Présentation de la production
La version que nous livre le metteur en scène autrichien Martin Kusej est aux antipodes des turqueries pittoresques qu’inspire souvent l’opéra. L’action est transposée aux années 1920, période pivot pour le Moyen-Orient, qui voit l’apparition de l’islam radical en tant que mode de résistance à l’ingérence occidentale. Le sérail est désormais un campement dans le désert, dont le sable n’aura de cesse d’être dispersé par le mistral. Les janissaires du sérail sont ici des miliciens armés de mitraillettes, drapés en noir jusqu’au visage. Les dialogues du singspiel ont été partiellement modifiés, intégrant des bribes d’anglais, et des références à l’or noir et même aux soixante vierges promises aux djihadistes.
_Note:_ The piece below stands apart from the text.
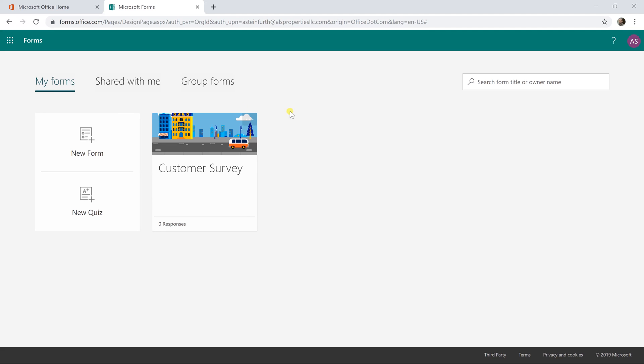Okay, so if you want to create a survey with Microsoft Forms but you want to have it be dynamic and change based on the answers that are given to different questions, we're going to go over how to do that right now.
La dimension grinçante de l’œuvre est ainsi mise en avant, puisque le happy endconventionnel n'a pas été conservé : le sauvetage in extremis des occidentaux par la mansuétude du pacha est ainsi supplanté par la cruauté d’Osmin, qui les assassine malgré les ordres de son maître. Le spectateur comprend bien vite qu’au-delà des années 20, c’est notre époque qui est visée, avec la recrudescence de la barbarie extrémiste. Kusej a manifestement jugé impensable de livrer une fantaisie orientale au vu de la conjoncture actuelle dramatique.